But these concerns are alarmist. The Japanese government, even its liberal opposition party, has shown a desire and commitment to contribute to global security.

A renewal of the law authorizing the mission in Afghanistan is now increasingly unlikely, since the opposition Democratic Party of Japan (DPJ), which opposes the measure, won a shocking victory in last summer's elections for the upper house of parliament. While the ruling conservative Liberal Democratic Party (LDP) is still determined to reauthorize the military role, it faces significant public opposition and a tough road in the parliament.

Some American officials and experts have issued bellicose warnings that not renewing the mission would signal a dangerous retreat from Japan's responsibilities in the world and undermine the security alliance. Others accused DPJ leader Ozawa Ichiro of being irresponsible, even "anti-American."

These remarks are clumsy and unfair. The possibility of Japan's return to a lesser security role is real enough, but its mission in Afghanistan is the wrong test of the country's reliability as an ally.

In reality, the maritime mission has become largely symbolic. As for Mr. Ozawa, if Americans would listen carefully to his arguments, they would find that he seeks to expand, not contract, Japan's global security role.

What the US sees as backtracking on global responsibility is actually something else --opposition, shared by Japan's liberal and conservative parties, to the American decision to invade Iraq. Once carefully buried behind the appearance of alliance solidarity, it is now surfacing.

Ozawa and his party have been unusually open in questioning the Iraq war, characterizing it as a war without clear international justification. According to reliable accounts, Japanese Prime Minister Fukuda Kazuo privately shares that view, as do others in the LDP.

US officials critical of the DPJ for avoiding a greater security role for Japan should remember that the party supported the antiterrorism law when it was passed in 2001. But they refused to support its renewal later after the Iraq war began. Over time, senior DPJ members say, the mission's original purpose got muddied with military operations in Iraq. Japanese and American officials deny that any diversion took place, but the Pentagon admits that ships engage in multiple missions and there is no way to segregate how fuel is used.

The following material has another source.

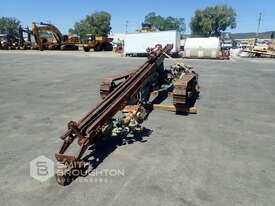 1982 GARDNER DENVER AT 3100 TRACK MOUNTED PNEUMATIC ROCK DRILL - picture0' - Click to enlarge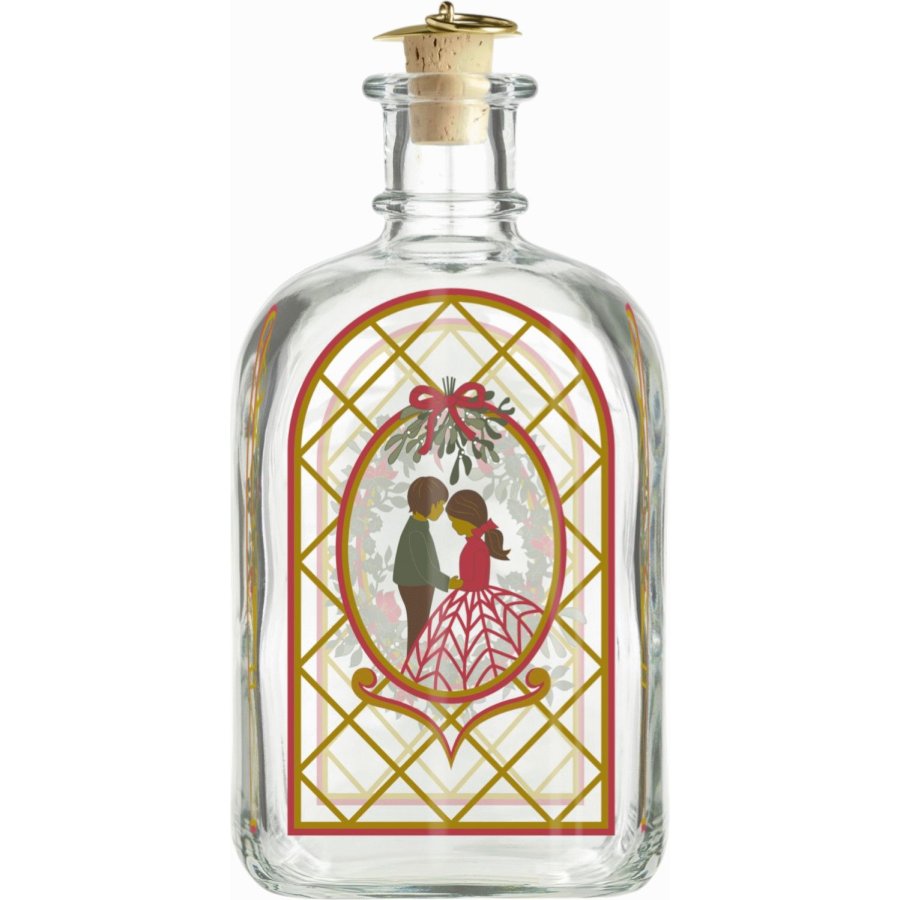 Holmegaard Christmas Flaske 2025 73 cl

The new version of the law proposed by the LDP explicitly narrows the role of the Navy to supporting antiterrorist interdiction operations, a backhanded acknowledgment that there was no clear separation from the Iraq war.

Ozawa has long advocated a more visible security role for Japan outside its borders, calling on the government to send forces to aid the Gulf War in 1991 and pushing through legislation allowing Japanese participation in UN peacekeeping operations.

Japanese peacekeepers, however, are restricted to noncombat missions. Despite inching toward a larger security role, the government stands by an interpretation of Japan's American-authored antiwar clause in its Constitution that bars the use of force for anything other than to respond to an attack on themselves. But Ozawa has long contended that the constitutional bar should not extend to UN activities.

This month, Ozawa proposed that instead of the maritime force, Japan should send peacekeepers to Afghanistan under the auspices of the UN-authorized international security forces, and to Sudan as well.

Ironically, the ruling conservatives reject that as unconstitutional, arguing it would be an act of collective defense rather than self-defense.

"If Japan is to really be an ally of the US ..." Ozawa wrote, "it should hold its head up high and strive to give proper advice to the US." And in order to do that," he continued, "Japan had to be willing to put itself more on the line by sharing responsibility for peacekeeping, not just sending a few boats out of harm's way."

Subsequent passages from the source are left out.